WHAT YOU NEED TO DO. Ignoring every picture, transcribe the data in full as it stands.

AVAILABLE DATA.
=== Begin Enclosure ===
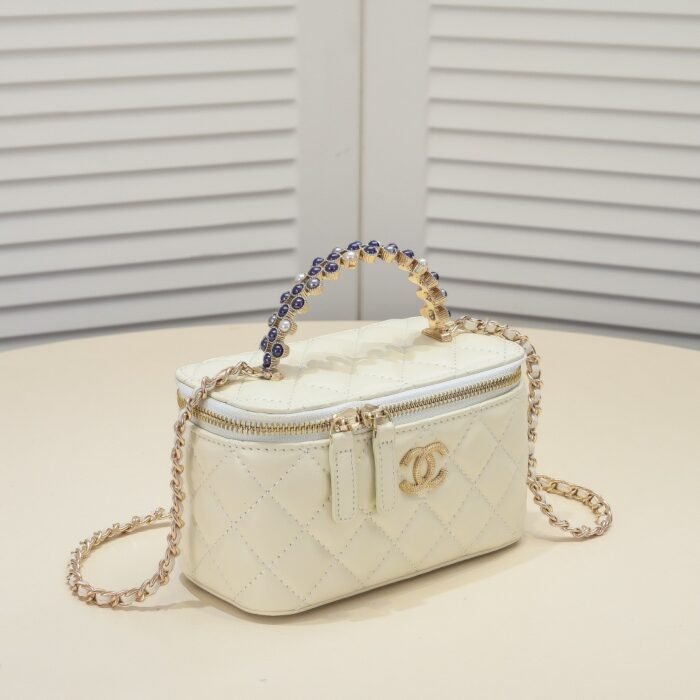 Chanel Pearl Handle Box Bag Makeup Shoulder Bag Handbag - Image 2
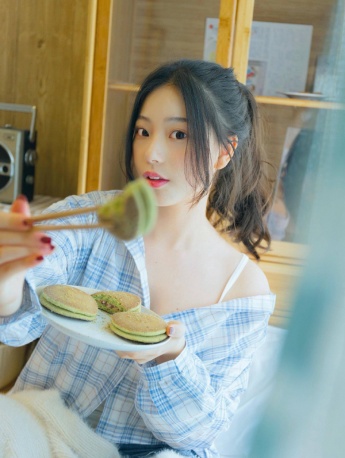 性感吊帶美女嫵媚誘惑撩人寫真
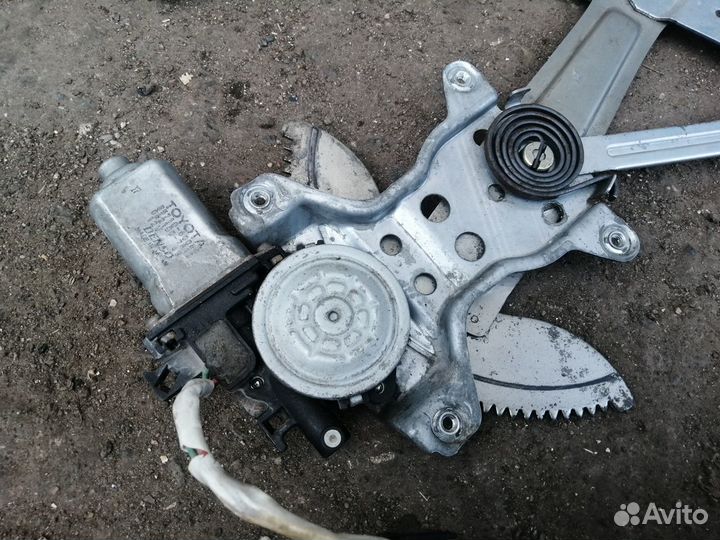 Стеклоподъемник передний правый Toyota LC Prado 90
=== End Enclosure ===
SOLUTION.
 Chanel Pearl Handle Box Bag Makeup Shoulder Bag Handbag - Image 2
 性感吊帶美女嫵媚誘惑撩人寫真
 Стеклоподъемник передний правый Toyota LC Prado 90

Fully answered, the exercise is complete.